In partnership with the National Renewable Energy Laboratory (NREL), we have invented (U.S. Patent #9,142,829) an on-demand internal short circuit (ISC) device that is activated by raising the cell temperature > 57 degC, rather than > 130 degC required without the device. We have achieved > 90% success rate in driving a 2.4Ah (180 Wh/kg) cell design into thermal runaway with a device designed for an anode active material to cathode current collector short and usign a non-shutdown separator (M. Keyser, ECS Phoenix mtg, Oct 2015). Building on this success, we are now implanting the device in cell designs exceeding 250 Wh/kg to learn their design vulnerabilities and effectiveness of safety features like shutdown separators, cathode coatings, current interrupt devices, positive thermal coefficient switches, center mandrels, cell vents, and crimped headers. We are providing our cells to researchers conducting in-operando tomography on cells during thermal runaway (Finegan et. al, Nature Communications, 7924, 2015) for first time video insight into the response of an 18650 cell to a thermal runaway that is internally induced by an internal short circuit instead of external driven by thermal, mechanical, or electrical abuse. This enables the study of conditions that replicate latent defect induced field failures with the most fidelity.

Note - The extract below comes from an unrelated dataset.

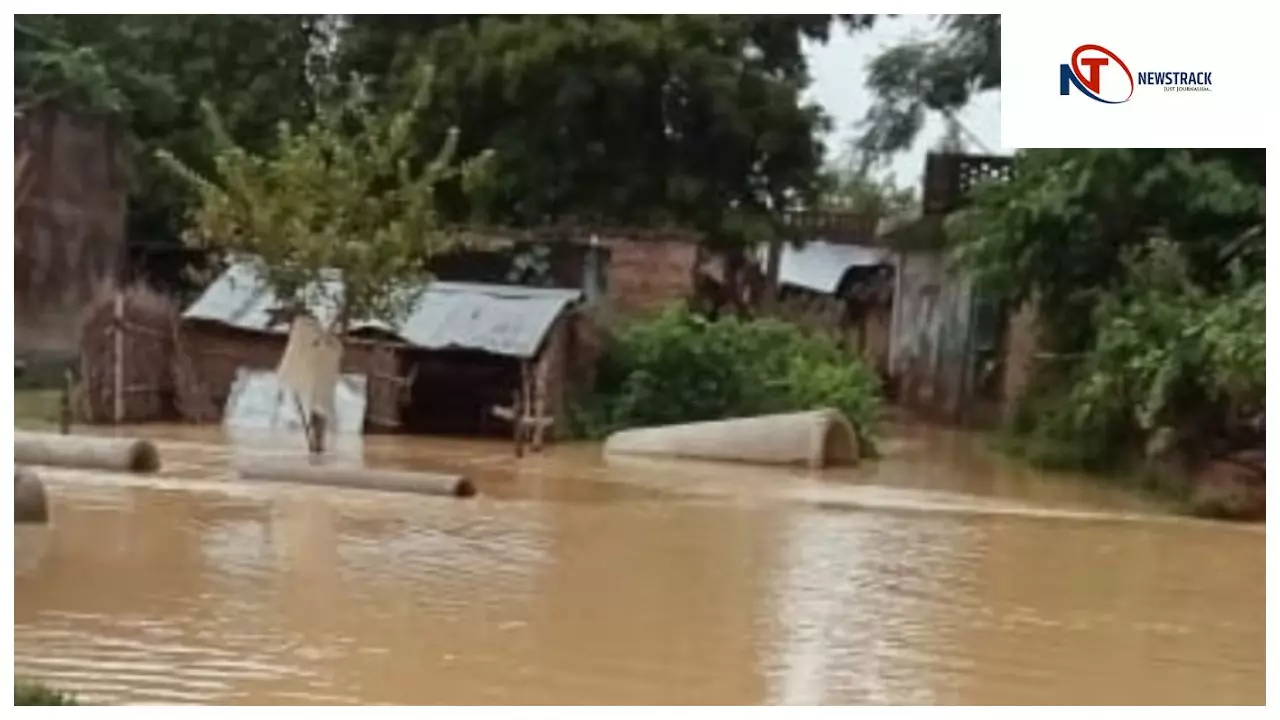 लगातार बारिश से बलरामपुर में बाढ़ जैसी स्थिति, कई गांव प्रभावित,लालिया हरैया मार्ग पर बह रहा पानी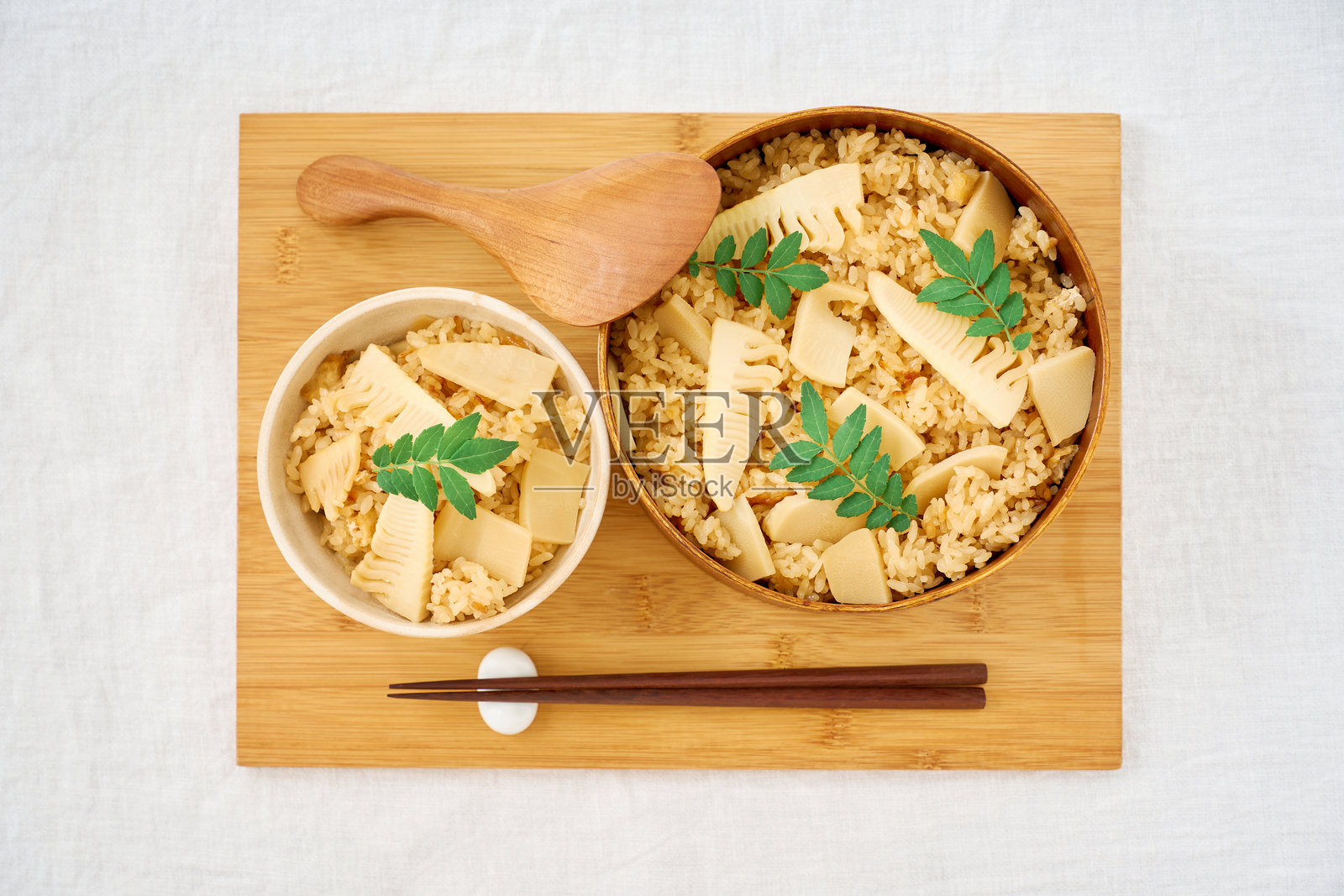 春季竹笋饭（竹の子ご飯）照片摄影图片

As the specific energy of commercially available 18650 cell designs exceed 250 Wh/kg, we are presented with additional challenges for integrating them into safe, high performing (> 200 Wh/kg) battery designs for manned spacecraft applications. Specifically, these cell designs are susceptible to side wall rupturing and/or eletrode jellyroll ejection during thermal runaway. Such packs require cell interstitial materials that provide high thermal conductivity and structural structural strength. This leaves very little cell surface area for heating unmodified cells into thermal runaway for battery safety testing. In fact, the only way to acheive single cell thermal runaway in these battery designs is by triggerring cells implanted with the ISC device. These tests give us insight into the impact of battery design parameters life cell-cell spacing, cell electrical isolating wraps, and features that protect the adjacent cells from propagating into thermal runaway. Finally, battery flame arresting materials and vents are crucial to prevent flames and sparks for exiting battery enclosures. Our IMLB submission will be our first public forum disclosure of these results.